* [Action item]:
Copy word for word the lines of the records below, beginning at the one with "Orgainc Dried Epimedium" and finishing at the one with "Lost Female Cat", ends included, but none of the pictures.

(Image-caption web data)

--- START ---

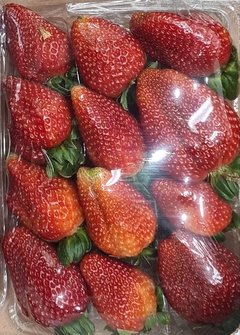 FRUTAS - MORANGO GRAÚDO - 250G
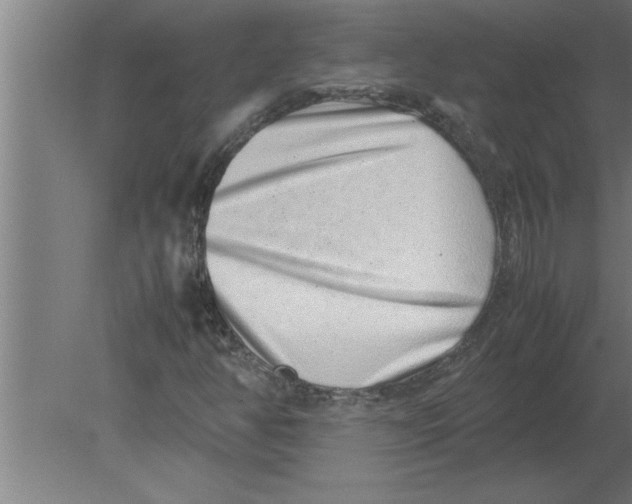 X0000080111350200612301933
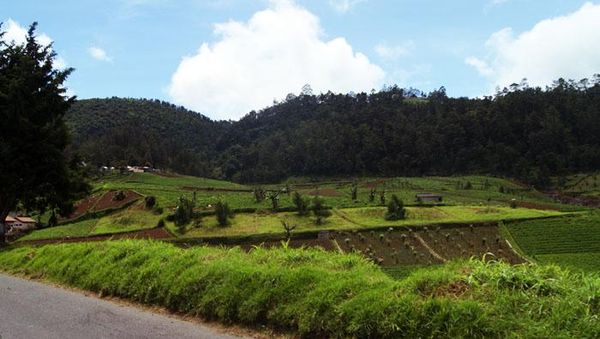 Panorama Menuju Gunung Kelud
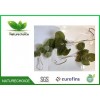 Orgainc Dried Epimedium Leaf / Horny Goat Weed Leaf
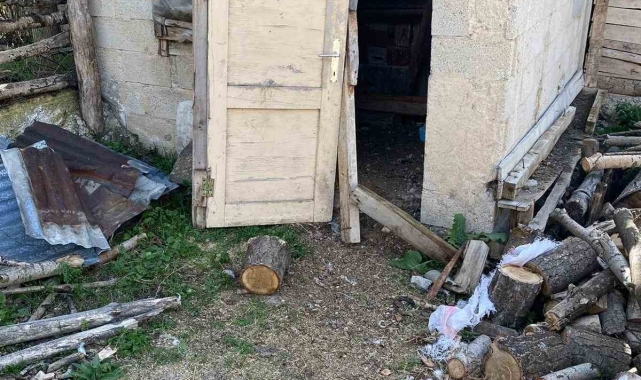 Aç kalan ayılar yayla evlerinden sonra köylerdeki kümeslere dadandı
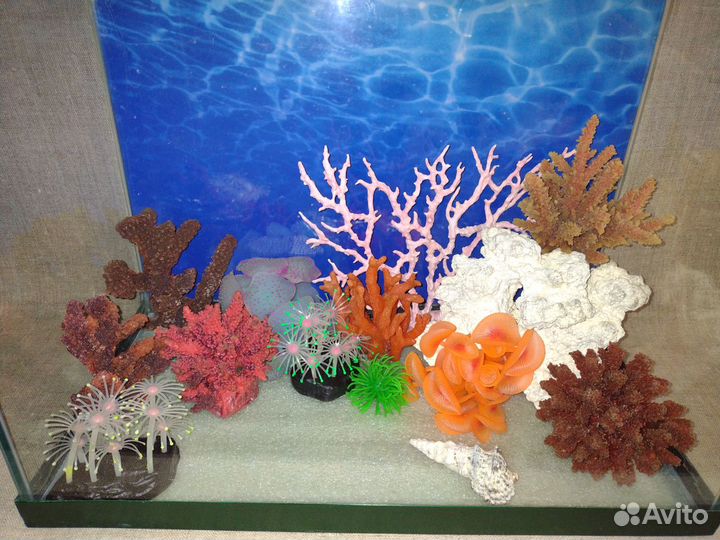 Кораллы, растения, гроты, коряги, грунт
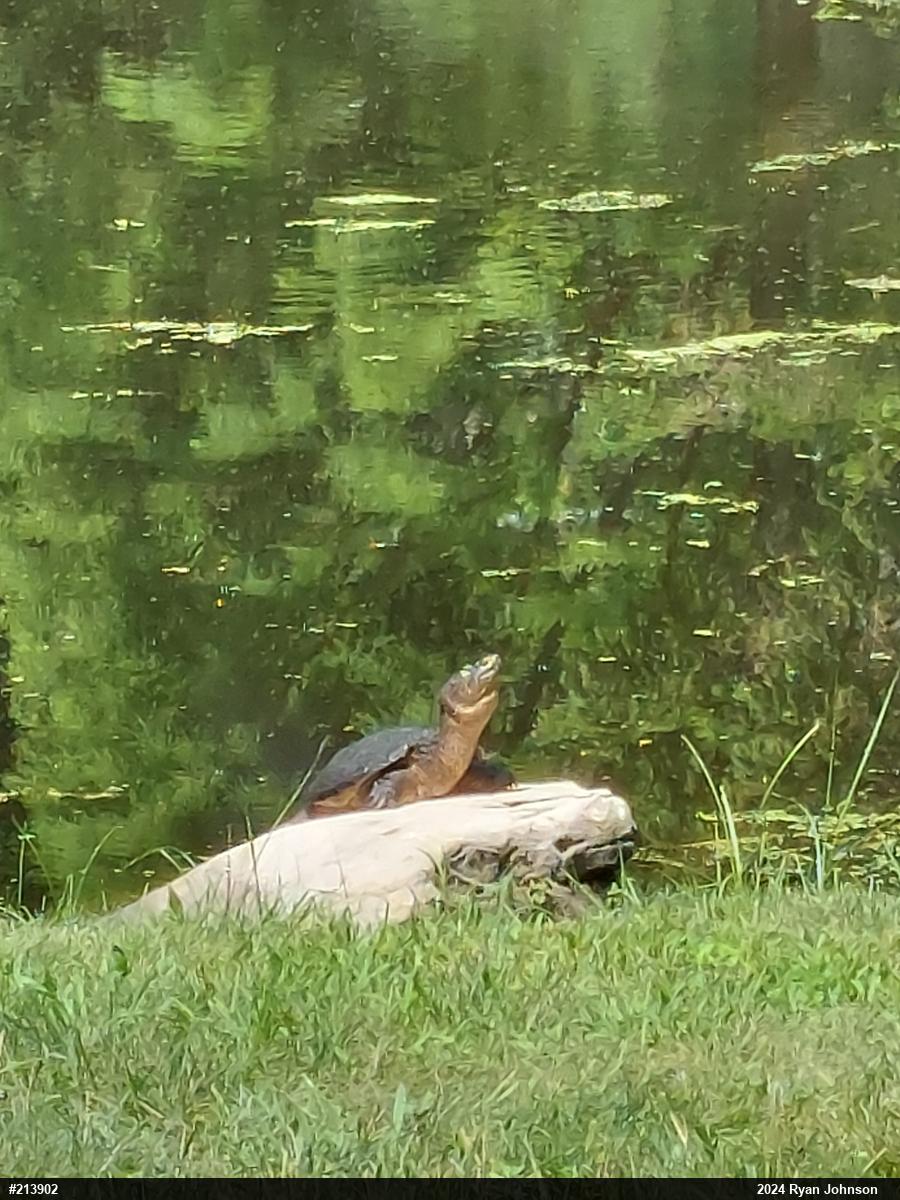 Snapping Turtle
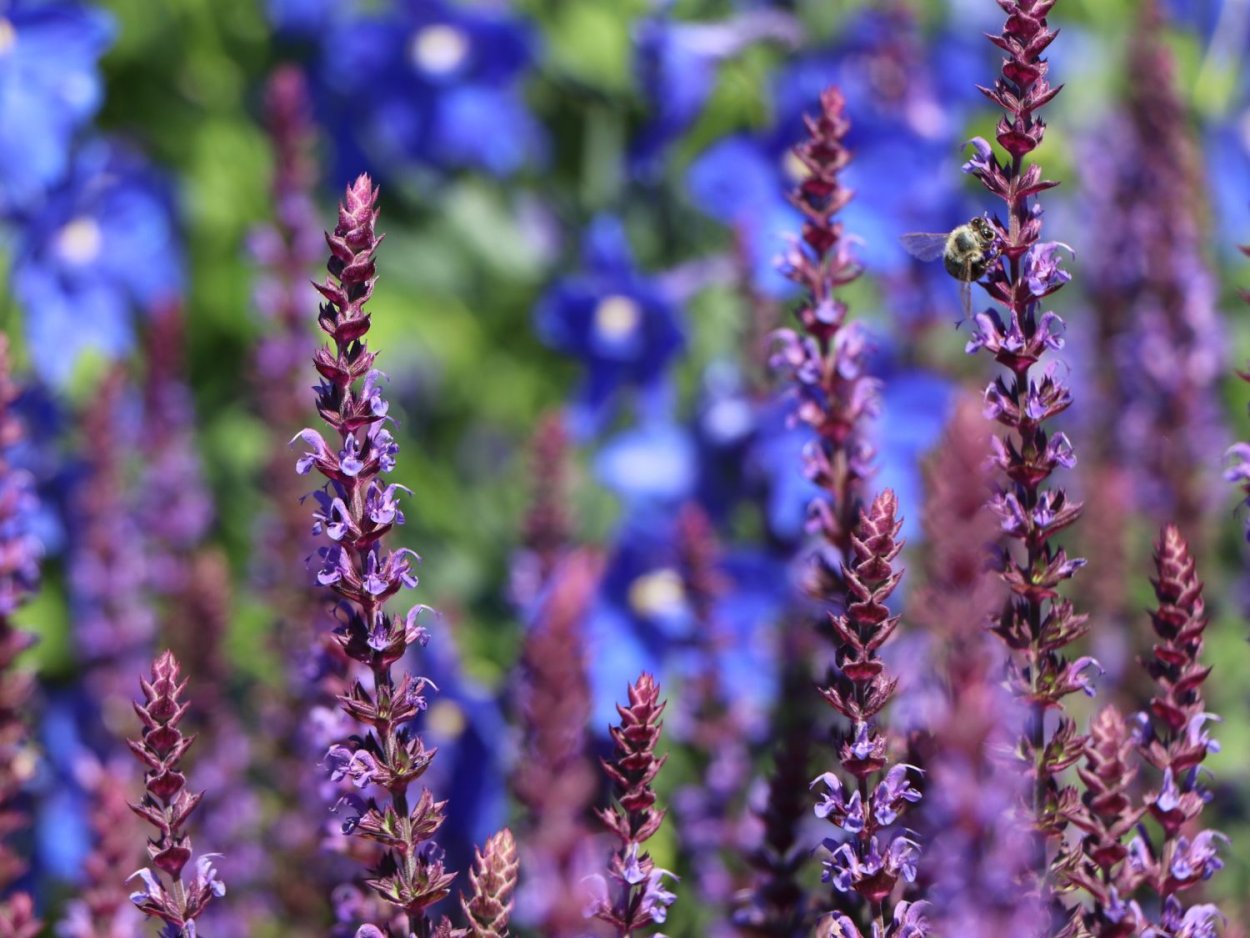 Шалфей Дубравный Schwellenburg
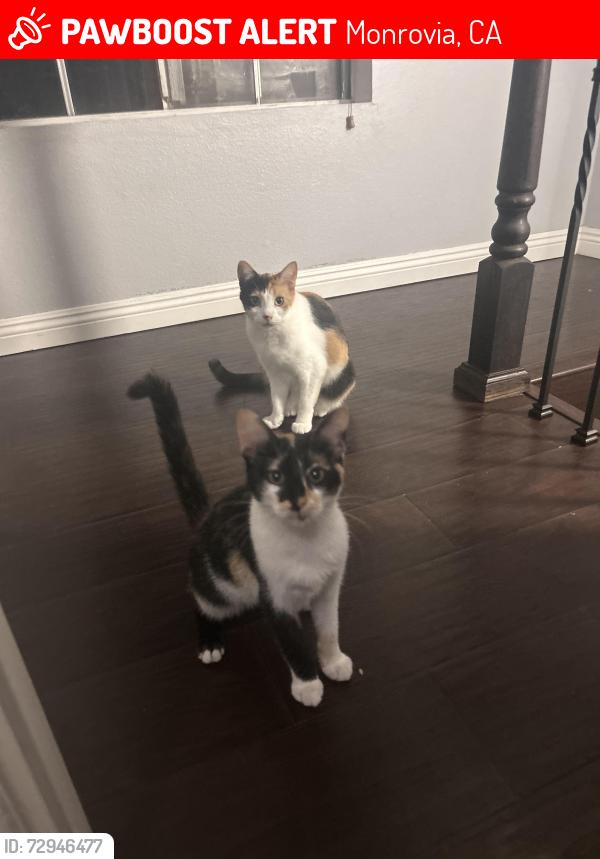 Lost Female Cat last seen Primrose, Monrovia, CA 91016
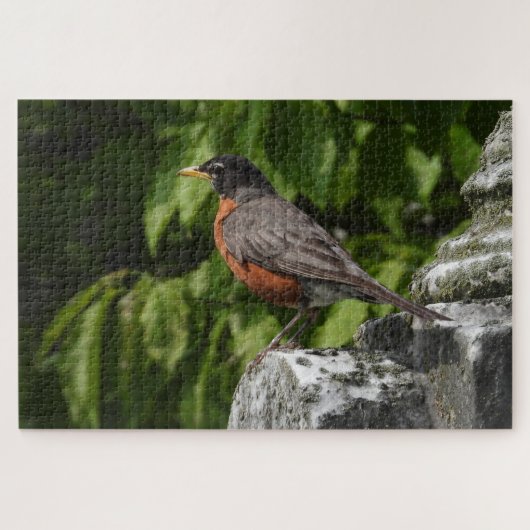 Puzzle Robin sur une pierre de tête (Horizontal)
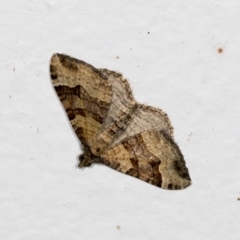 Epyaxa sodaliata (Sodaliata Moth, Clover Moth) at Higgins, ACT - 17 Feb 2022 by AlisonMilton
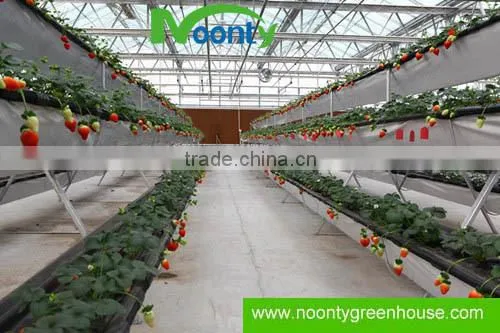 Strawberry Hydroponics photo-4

--- END ---

* [Final answer]:
 Orgainc Dried Epimedium Leaf / Horny Goat Weed Leaf
 Aç kalan ayılar yayla evlerinden sonra köylerdeki kümeslere dadandı
 Кораллы, растения, гроты, коряги, грунт
 Snapping Turtle
 Шалфей Дубравный Schwellenburg
 Lost Female Cat last seen Primrose, Monrovia, CA 91016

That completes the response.